TRAKYA’DA BİR CENNET: KIRKLARELİ
İğneada, Kırklareli’nin Demirköy ilçesine bağlı, güzeller güzeli bir kasaba. Bu kasaba, dünyanın nadir güzelliklerinden birisine ev sahipliği yapıyor: İğneada Longoz Ormanları. Her mevsim ayrı bir güzelliğe sahne olan bu ormanlar; derelerin getirdiği kumların birikerek dere ağzını kapatması sonucu akarsuyun biriktiği yerde oluşmuş. Oldukça nadir bulunan bu subasar longoz ormanları, yüzlerce bitki ve hayvan türüne de yuva olmuş. Yaklaşık 2500 dönümlük bir alana yayılan ve içerisinde çok sayıda göl bulunan bu muhteşem ekosistemi, ağaçların arasında kanoyla süzülerek ya da doğa yürüyüşlerine katılarak keşfetmenizin vakti çoktan geldi.
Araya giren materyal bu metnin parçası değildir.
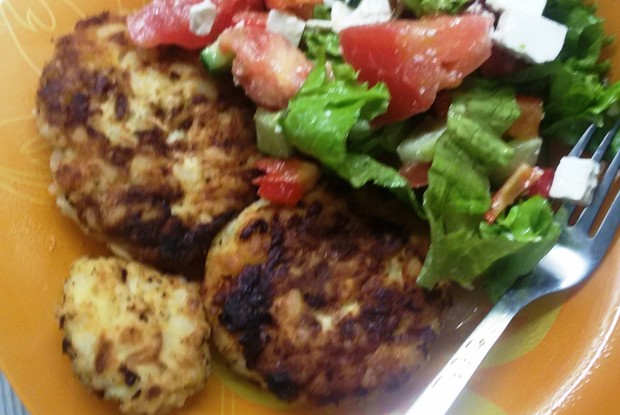 Сочные куриные котлеты с кабачком и рисом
Tabii sadece doğal güzellikleriyle değil, MÖ 6. yy’a kadar uzanan tarihiyle de görülmeye değer bir yer olan Kırklareli’nde; her türlü konfora sahip Kırklareli merkez otellerinde konaklayabilirsiniz. Ayrıca; 3, 4 ve 5 yıldızlı seçenekleriyle İğneada ve Kıyıköy’de bulunan, denize sıfır Kırklareli otellerinde de kalabilirsiniz. Kırklareli otel fiyatları; otelin bulunduğu konuma ve sunduğu konfora göre, her bütçeye uygun seçenekler sunmaktadır.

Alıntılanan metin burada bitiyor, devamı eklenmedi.